This is an aspect of the net and its art that is perhaps familiar to us all,
so the parallel is quite well drawn. Regina's own text then says

"From all the cities and little places lost in the world artists have flowed
to the Green House. In the beginning there were those who wanted to exhibit
their traditional creations: paintings, prints, sculptures?. . Some saw in
the web a window to the world, others were furious with the difficulties and
barriers in being part of traditional art circuits. After some time, the
Green House became a settlement. They were not content in just creating
virtual galleries. They began to use the net as a stand for art. I myself,
hence imagining that I was a pioneer, created "Cyber Circus" in 1998 - a
circus which did not have a ring but whose attractions were everywhere.
Shortly after however, I discovered the existence of more "madmen* in the
world, and I dived in, fascinated by the inexplicable pleasure of
experimenting and inventing a new language. A friend of mine that I met and
who had not seen me for a while just could not believe it. What! An artist
that he had seen, three months earlier, painting in acrylics on canvas?

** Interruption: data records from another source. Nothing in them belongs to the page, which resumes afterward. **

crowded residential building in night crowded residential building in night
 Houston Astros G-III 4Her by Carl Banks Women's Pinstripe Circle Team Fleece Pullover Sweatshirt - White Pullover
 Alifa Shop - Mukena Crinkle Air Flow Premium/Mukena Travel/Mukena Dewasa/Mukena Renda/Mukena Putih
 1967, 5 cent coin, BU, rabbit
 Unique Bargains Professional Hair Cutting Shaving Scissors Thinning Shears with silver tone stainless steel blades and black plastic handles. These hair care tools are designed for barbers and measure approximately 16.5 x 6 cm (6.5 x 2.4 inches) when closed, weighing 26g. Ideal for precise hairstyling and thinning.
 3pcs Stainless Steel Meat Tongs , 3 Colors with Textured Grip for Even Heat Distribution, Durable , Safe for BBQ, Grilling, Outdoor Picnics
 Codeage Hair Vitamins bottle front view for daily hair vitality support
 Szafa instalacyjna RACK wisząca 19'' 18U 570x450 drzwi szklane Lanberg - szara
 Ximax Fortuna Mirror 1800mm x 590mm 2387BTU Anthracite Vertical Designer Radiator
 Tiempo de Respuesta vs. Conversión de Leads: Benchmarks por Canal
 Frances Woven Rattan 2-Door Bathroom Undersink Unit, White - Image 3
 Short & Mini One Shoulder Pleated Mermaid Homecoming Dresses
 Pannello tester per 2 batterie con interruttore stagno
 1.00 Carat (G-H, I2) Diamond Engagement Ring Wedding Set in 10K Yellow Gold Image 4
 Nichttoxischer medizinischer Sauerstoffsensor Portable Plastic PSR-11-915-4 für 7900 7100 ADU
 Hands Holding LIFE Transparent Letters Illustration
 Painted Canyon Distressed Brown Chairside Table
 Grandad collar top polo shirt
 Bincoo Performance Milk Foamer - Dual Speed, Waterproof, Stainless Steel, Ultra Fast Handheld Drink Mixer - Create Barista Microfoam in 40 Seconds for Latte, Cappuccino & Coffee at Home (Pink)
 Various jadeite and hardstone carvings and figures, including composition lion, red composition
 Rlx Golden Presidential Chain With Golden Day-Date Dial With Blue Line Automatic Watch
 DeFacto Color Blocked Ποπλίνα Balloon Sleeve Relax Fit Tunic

* The word madness is ambiguous. In dealing with art, I use it here as the
curiosity that human beings have and which makes them search for reason,
invention and truth for their existence."

So "the Green House" in the Parcheesi game is a metaphor for Machado de
Assis's Green House and also the art space/forums of the Net, and the piece
proceeds partly through this parallel.

When I first viewed this work in, what, 2002 (?), I did not understand the
approach to game in it and, though I am familar with Parcheesi, having
played it as a child, Regina's game did not advance the pieces through the
game as a normal computer game would, and so I became confused as to what
was going on and didn't get too far into "The Psychiatrist, Net.art /
Web.art and other stories". Now I see that, as in "Viewing Axalotls", the
notion of 'game' is used both metaphorically and as a kind of navigational
motif, ie, the green squares present a kind of map of the nodes of the
hypermedia, and one can navigate to them as one sees fit without being
constrained, as in a regular computer game, by the programming logic. It is
a kind of 'play mode' game rather than a 'game mode' game.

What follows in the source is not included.